Below are the records. Retype, exactly, the lines from the first through the line with "Brooks Brothers Jacket", and leave out the pictures.

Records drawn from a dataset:
[Start of Attachment]

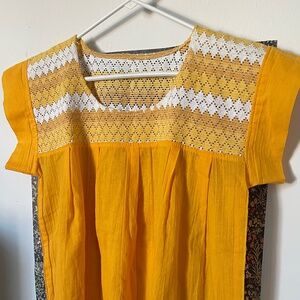 Vintage Grandma Core Yellow Smocked Peasant Blouse | Cottagecore Prairie Top | M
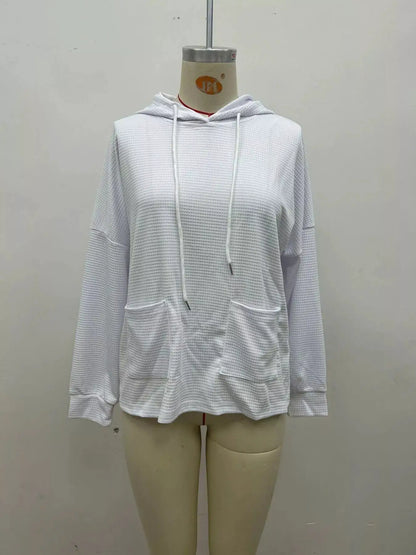 Full Size Waffle Knit Drawstring Long Sleeve Hoodie Plus Size by Trendsi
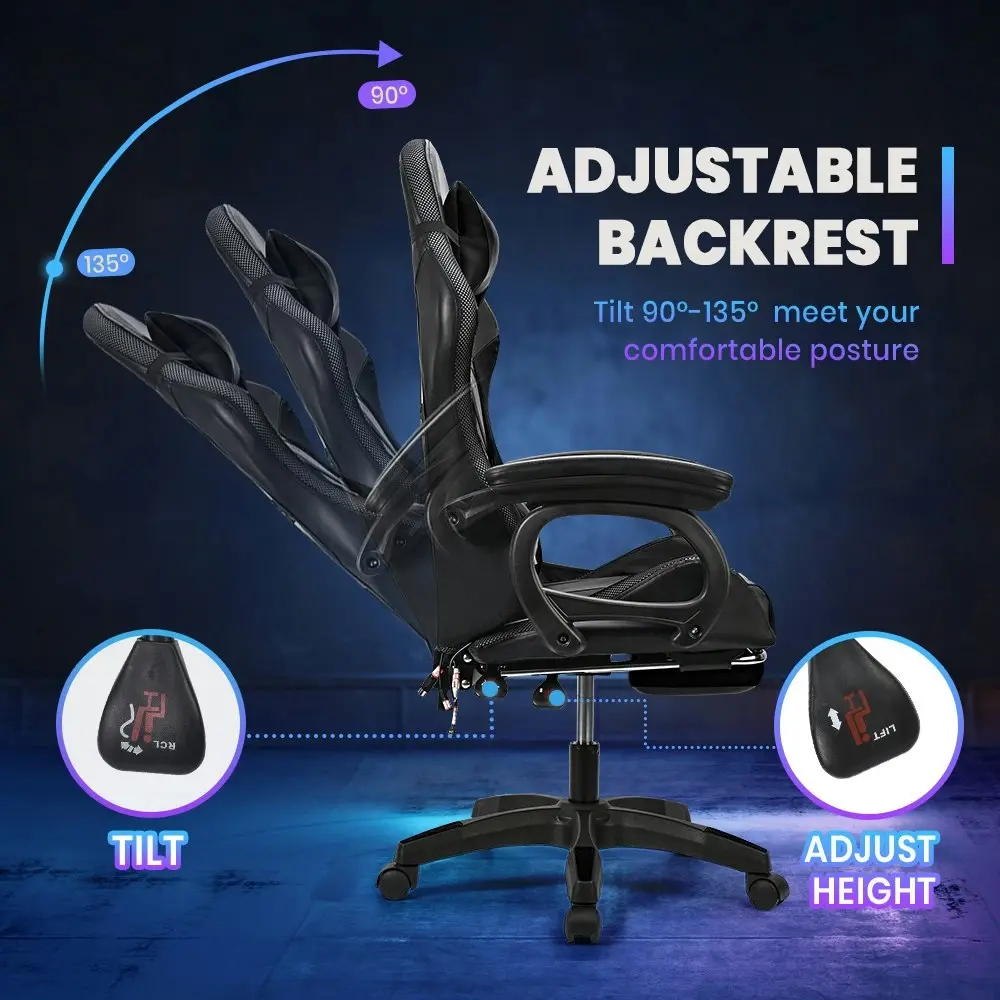 Furb Gaming Chair Computer LED Massage Seat Footrest Support Black Office Chair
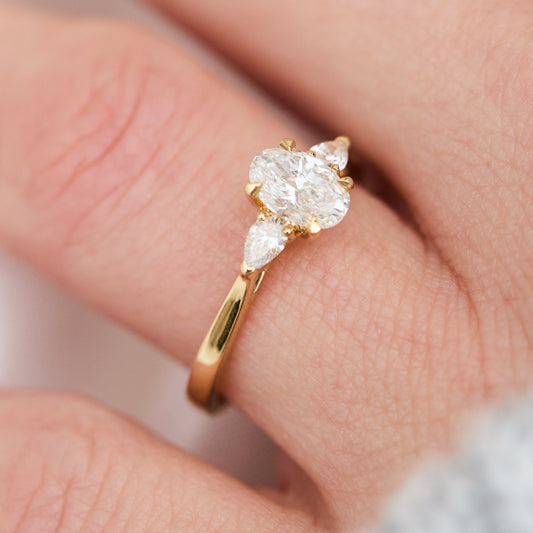 Marquise Shaped Three Stone Lab Grown Diamond Engagement Ring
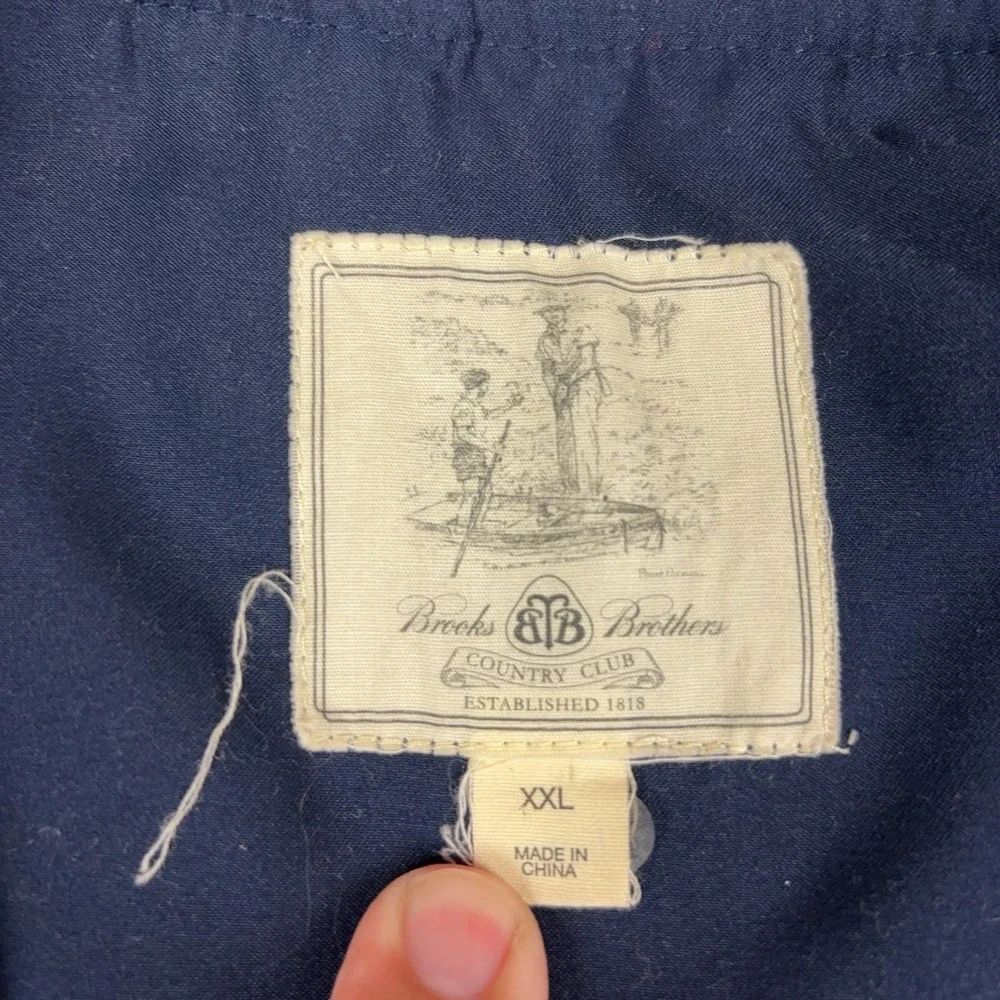 Brooks Brothers Jacket Mens 2XL Blue V-Neck Golf Windbreaker Pullover Lined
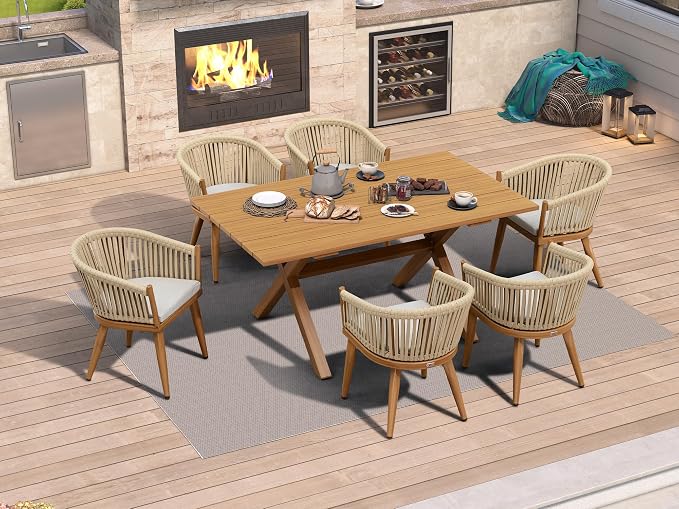 PURPLE LEAF 7 Pieces Outdoor Dining Set - Image 2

[End of Attachment]

Reply to the exercise:
 Vintage Grandma Core Yellow Smocked Peasant Blouse | Cottagecore Prairie Top | M
 Full Size Waffle Knit Drawstring Long Sleeve Hoodie Plus Size by Trendsi
 Furb Gaming Chair Computer LED Massage Seat Footrest Support Black Office Chair
 Marquise Shaped Three Stone Lab Grown Diamond Engagement Ring
 Brooks Brothers Jacket Mens 2XL Blue V-Neck Golf Windbreaker Pullover Lined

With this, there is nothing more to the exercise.